#### Problem to work on
In the listing below, a line holding "Mutlu aile-annesi, küçük" and a line holding "Gabriela Szabo încurajează" mark the range. Retype both exactly, with all lines between them.

#### Source material

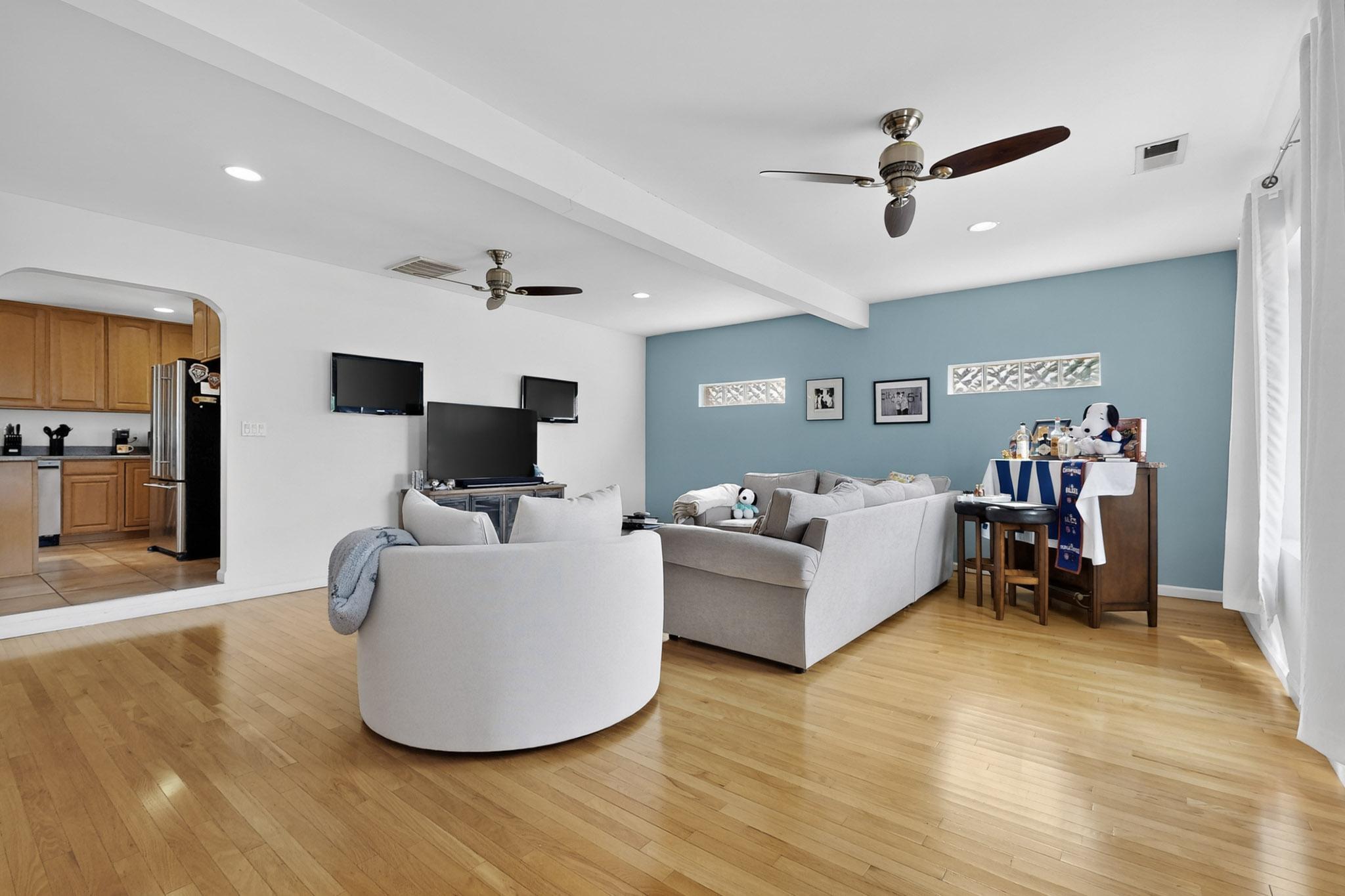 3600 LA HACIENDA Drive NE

---

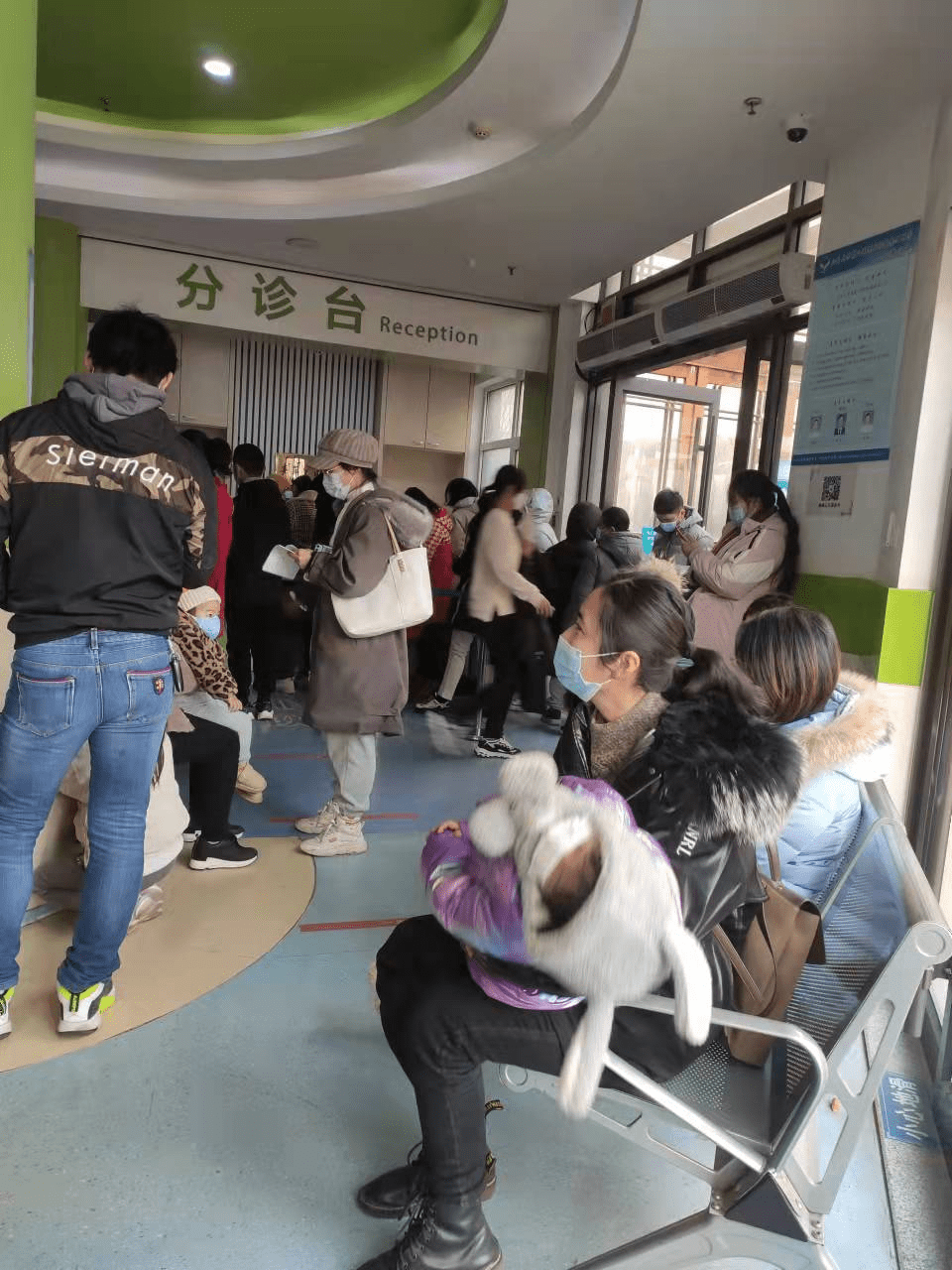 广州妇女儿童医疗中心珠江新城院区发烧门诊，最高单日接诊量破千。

==

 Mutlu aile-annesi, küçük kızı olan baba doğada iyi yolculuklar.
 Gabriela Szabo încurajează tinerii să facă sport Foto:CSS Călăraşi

#### Expected answer
 Mutlu aile-annesi, küçük kızı olan baba doğada iyi yolculuklar.
 Gabriela Szabo încurajează tinerii să facă sport Foto:CSS Călăraşi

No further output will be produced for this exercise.